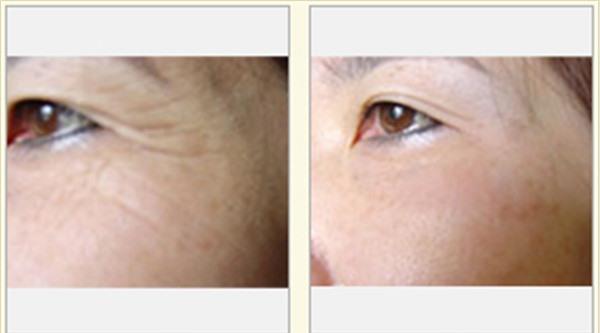 做<a href=http://www.f3bb6.cn/listinfo-782-0.html target=_blank class=infotextkey>去眼角細紋</a>失敗修復價格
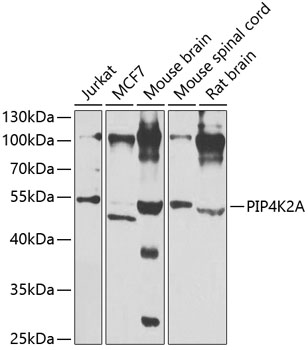 PIP4K2A Polyclonal Antibody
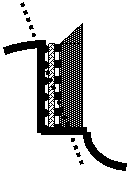 bad-surface-gumming-8-.gif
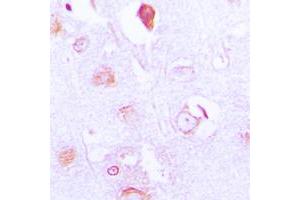 Immunohistochemical analysis of FXR2 staining in human brain formalin fixed paraffin embedded tissue section. (FXR2 Antikörper  (C-Term))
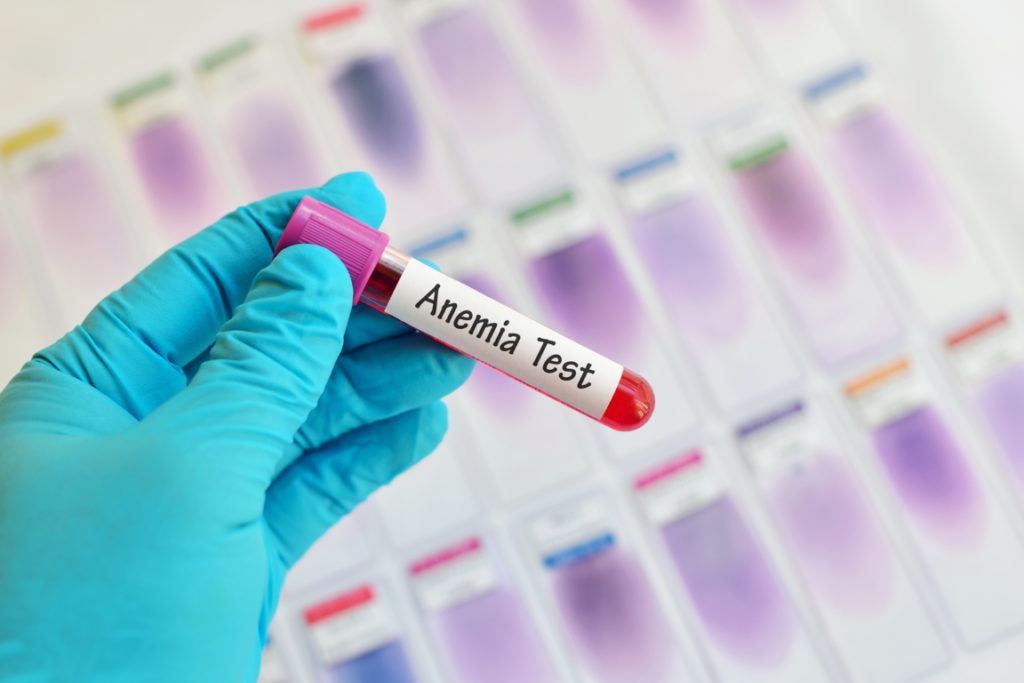 anemia ferropénica anemia ferropénica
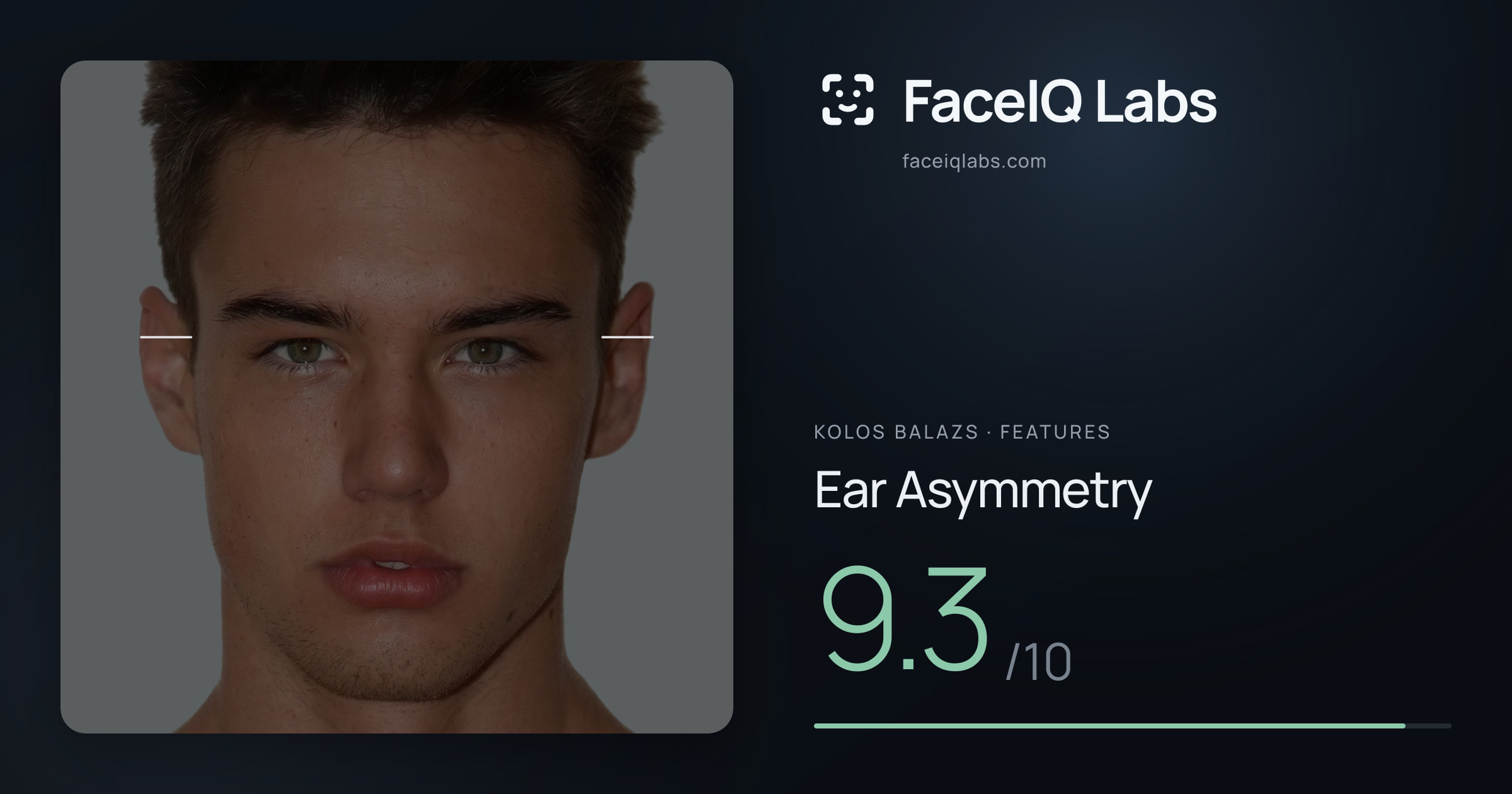 Kolos Balazs Ear Asymmetry: 9.3/10, drawn on the photo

━━━━

→ **Required work**:
All that is needed is the lines from the line holding "bad-surface-gumming-8-.gif" to the final line of the listing above, repeated exactly, pictures excluded.

→ **Problem solution**:
 bad-surface-gumming-8-.gif
 Immunohistochemical analysis of FXR2 staining in human brain formalin fixed paraffin embedded tissue section. (FXR2 Antikörper  (C-Term))
 anemia ferropénica anemia ferropénica
 Kolos Balazs Ear Asymmetry: 9.3/10, drawn on the photo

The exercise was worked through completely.